Posted February 27, 2018 @ 2:49pm | by Alexandra Thell, DVM

It’s the season of shorter days and longer nights. The UV index in Minnesota is low, meaning you’re not going to get a sunburn but you’re also not going to get enough vitamin D from outdoor activity. Your doctor may recommend taking a vitamin D supplement. In appropriate amounts, this can be safe. However; in overdoses, it can be life-threatening. The same is true for our canine and feline companions.

Your healthy pet that is eating a nutritionally complete and balanced diet should not need vitamin supplementation, even in our frigid winters. Unfortunately, pets sometimes find the taste of these products too irresistible not to eat. This is why we recommend keeping all products that contain vitamin D out of reach of your dog and cat to prevent a potentially life-threatening or lengthy toxicity endeavor. 

Possible sources of Vitamin D include:

1.    Vitamins and other supplements
2.    Rat and mouse bait with the active ingredient cholecalciferol
3.    Psoriasis creams with calcipotriene
4.    Poorly balanced homemade diets

What exactly is Vitamin D (Cholecalciferol)?

Vitamin D (Cholecalciferol) is a fat-soluble vitamin that increases the amount of calcium and phosphorus minerals in the blood.

What’s so bad about that?

An overdose of Vitamin D causes a severe mineral increase that may result in organ injury and failure from soft tissue mineralization (i.e: hardening of the organs). 

What are the signs of a vitamin D toxicity in my pet?

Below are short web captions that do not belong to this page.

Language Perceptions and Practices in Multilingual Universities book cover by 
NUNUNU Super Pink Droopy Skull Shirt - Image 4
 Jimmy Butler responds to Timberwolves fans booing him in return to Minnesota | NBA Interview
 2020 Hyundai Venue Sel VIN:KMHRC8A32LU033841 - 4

Toxic effects are not immediate. It can take 12 hours to three days for signs to arise. Signs to watch for include: lethargy, poor appetite, vomiting, diarrhea (may contain blood), weakness, excessively large urinations, increased thirst, and seizures. 

What do I do if my dog or cat eats a toxic dose of vitamin D?

The first step is to bring your pet to a veterinarian for decontamination. Your family veterinarian or local animal emergency hospital’s veterinarian will induce vomiting with activated charcoal. A few doses may need to be given daily over 48 hours due to the recycling of vitamin D from the intestines into the bloodstream, then into the bile and back into the intestines. Traditionally, this toxicity has a minimum of 72 hours recommended hospital stay after decontamination in order to decrease calcium values and check blood work. Even a few days to several weeks after initial care, it may be recommended to have values monitored after discharge. 

Can I call a poison control center instead?

Recently, there has been a change in ASPCA Animal Poison Control Center recommendations that may change our look at traditional treatment for vitamin D toxicity. It may be well worth the single time poison control consultation fee ($65), which covers the initial phone call and any follow-up calls related to that particular toxic exposure. So what’s the new recommendation? The addition of a medication called cholestyramine. Cholestyramine is a bile acid sequestrant, meaning it prevents the re-uptake of bile, which is how fat-soluble vitamins are absorbed into the body. This drug does not eliminate the need for an initial hospital stay and daily blood work checks. However, it may decrease the overall time spent in the hospital and follow-up time. 

If your pet ate a product containing vitamin D, call your family veterinarian or local emergency hospital immediately for guidance. We may, however, direct you to call a poison control center, such as ASPCA Animal Poison Control Center (888) 426 – 4435.